WORK INSTRUCTION = Counting the line with "Long Sleeves Backless" as the last one, copy out the lines of the data exactly from the first onward.

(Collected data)
---*---

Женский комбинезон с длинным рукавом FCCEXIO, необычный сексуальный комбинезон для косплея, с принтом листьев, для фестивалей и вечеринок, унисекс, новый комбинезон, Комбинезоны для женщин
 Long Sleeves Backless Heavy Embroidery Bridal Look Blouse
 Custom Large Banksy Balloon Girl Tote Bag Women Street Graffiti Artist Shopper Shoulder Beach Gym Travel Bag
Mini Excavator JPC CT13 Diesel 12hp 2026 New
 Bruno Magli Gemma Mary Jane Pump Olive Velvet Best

---*---

TASK RESPONSE =
Женский комбинезон с длинным рукавом FCCEXIO, необычный сексуальный комбинезон для косплея, с принтом листьев, для фестивалей и вечеринок, унисекс, новый комбинезон, Комбинезоны для женщин
 Long Sleeves Backless Heavy Embroidery Bridal Look Blouse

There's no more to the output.